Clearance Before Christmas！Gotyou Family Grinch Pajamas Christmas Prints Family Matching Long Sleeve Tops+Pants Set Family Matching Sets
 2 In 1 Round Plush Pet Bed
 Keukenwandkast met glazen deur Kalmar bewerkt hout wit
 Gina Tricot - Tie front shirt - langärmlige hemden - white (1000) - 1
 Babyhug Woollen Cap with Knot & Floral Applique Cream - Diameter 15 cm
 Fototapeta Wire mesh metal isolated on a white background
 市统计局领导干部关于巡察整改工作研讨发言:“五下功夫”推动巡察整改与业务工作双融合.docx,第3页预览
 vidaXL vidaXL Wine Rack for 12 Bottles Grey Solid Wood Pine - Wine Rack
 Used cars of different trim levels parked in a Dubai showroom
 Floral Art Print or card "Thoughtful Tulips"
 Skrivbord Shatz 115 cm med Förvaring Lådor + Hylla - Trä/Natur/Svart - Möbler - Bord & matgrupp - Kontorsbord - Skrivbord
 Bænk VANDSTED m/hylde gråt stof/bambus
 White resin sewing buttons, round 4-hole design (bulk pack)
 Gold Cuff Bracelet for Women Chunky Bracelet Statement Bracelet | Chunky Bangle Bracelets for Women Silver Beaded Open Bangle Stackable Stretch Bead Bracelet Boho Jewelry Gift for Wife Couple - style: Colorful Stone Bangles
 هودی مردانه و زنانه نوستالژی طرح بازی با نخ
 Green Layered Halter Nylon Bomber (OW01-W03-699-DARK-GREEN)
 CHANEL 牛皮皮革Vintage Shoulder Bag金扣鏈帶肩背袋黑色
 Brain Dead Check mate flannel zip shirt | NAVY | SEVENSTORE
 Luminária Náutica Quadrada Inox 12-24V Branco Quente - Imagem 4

### [PROBLEM REQUIREMENTS]
Read the listing. Copy each line that has the word "shirt" in it.

### [THE ANSWER]
 Gina Tricot - Tie front shirt - langärmlige hemden - white (1000) - 1
 Brain Dead Check mate flannel zip shirt | NAVY | SEVENSTORE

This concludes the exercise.